私立中進学率の高い東京都世田谷区で、「越境してでも行きたい」と人気となっている公立中学校がある。世田谷区立桜丘中学校だ。校則は全廃され、理科の授業での3Dプリンター導入や、スマホ・タブレット使用可能など革新的な授業にも取り組んでいる同校では、いじめが激減。校内暴力も消え、有名校進学数も平均学力も区のトップレベルだという。

 

 2月に入ってからだけでも、山形県内の高校の空手部に群馬県内の高校の剣道部と相次いで体罰が問題になった。

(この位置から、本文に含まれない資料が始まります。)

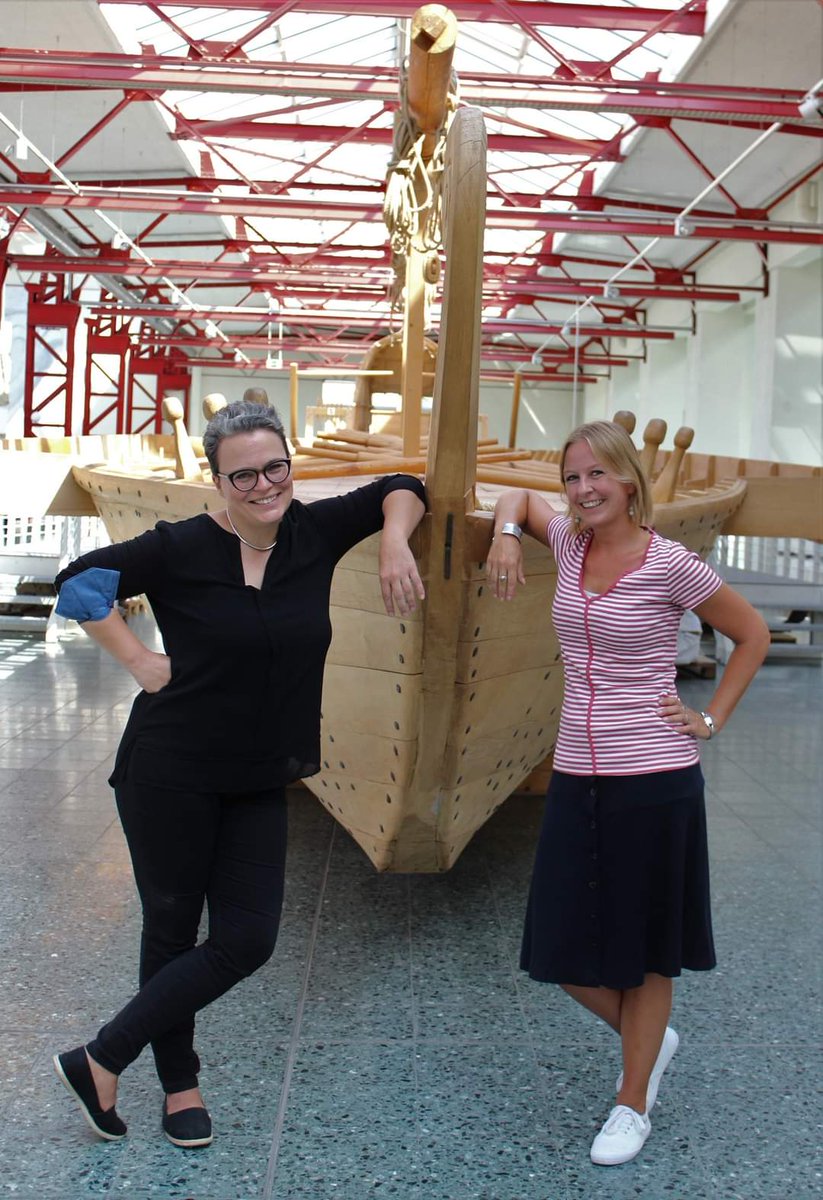 mephitis's tweet photo. #Scienceweek #RGZM
Am 15.9. um 17 Uhr sitze ich mit meiner lieben Kollegin Julia Linke im schon halb abgebauten #Museum für Antike Schifffahrt #Mainz auf dem #ScienceSofa und wir erzählen, warum und wie die #Ausstellung modernisiert wird!
➡️https://t.co/cJfbWAaSdr https://t.co/8RtoYvhdCC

校内暴力の風が吹き荒れる1980年代から40年近く経とうとする現在でも、力で生徒を押さえ込もうとする教師は存在する。

 

 一方でモンスターペアレントに教師が畏縮したり、東京・町田市内の高校で生徒が挑発し、教師が暴力を振るう動画が拡散されて大きな議論を巻き起こすなど、先生と生徒の関係は複雑化している。

「お互いを信用できないような関係は、不幸でしかない」

 

 そう言い切る桜丘中学校の西郷孝彦校長(64才)にとって、先生と生徒はあくまで“対等”だ。

「上から目線で指導する教師がいますが、教師と生徒も本来、“人間として対等”の立場であるはずです。

 

 偉い人間が劣った人間を管理するのではなく、ともに教え、教えられるという関係にあると思っています」(西郷校長・以下同)

 

 桜丘中学校では年に2回、生徒が好きな先生を指名して語り合える「ゆうゆうタイム」という取り組みがある。話す内容は、進学や家庭の相談だけでなく、思春期ならではの恋バナが飛び出すこともある。秘密は厳守されるため、身構えることなく、先生に本音の相談をすることができる。

「ゆうゆうタイム」は先生の成長のきっかけにもなる。人気のある先生に生徒が列をなす一方で、生徒からまったく声がかからない先生も。

「するとその先生は、なぜ自分のところに生徒が話しに来ないのかを、考えるようになるわけです。自分の何がいけなかったのか、これから生徒に対してどう接していけばいいのかを、自問するようになります」

 

 だが、それが生徒に好かれようとしてご機嫌取りになったとしたら、どうだろう。

「うわべだけ取り繕っても、“あの先生は調子いいだけで、責任感がない”と生徒はちゃんと見抜きます」

 

 先生と生徒の間に信頼関係が生まれると、荒れていた生徒にも変化が訪れる。

 入学して、毎日のように物に当たり壊したり、教師に悪態をつく生徒がいた。いわゆる問題児だが、彼はスポーツが得意で、2年生になって、駅伝大会に出場することになった。この時、西郷校長以下、副校長、学年の先生が全員で会場までその生徒の応援に出かけた。

「まさかわれわれが総出で、自分を応援に来るとは思わなかったのでしょう。彼は発奮し、前を走る選手を5人もゴボウ抜きにしましたよ」

 

 この日をきっかけに、この生徒は大きく変わっていった。次第にクラスにとけ込み、ついには学級委員長を務める。

「今でも、『女性の先生に向かって“クソババア!”と言っていたのは誰だっけ?』と言うと、きまり悪そうに照れ笑いをします。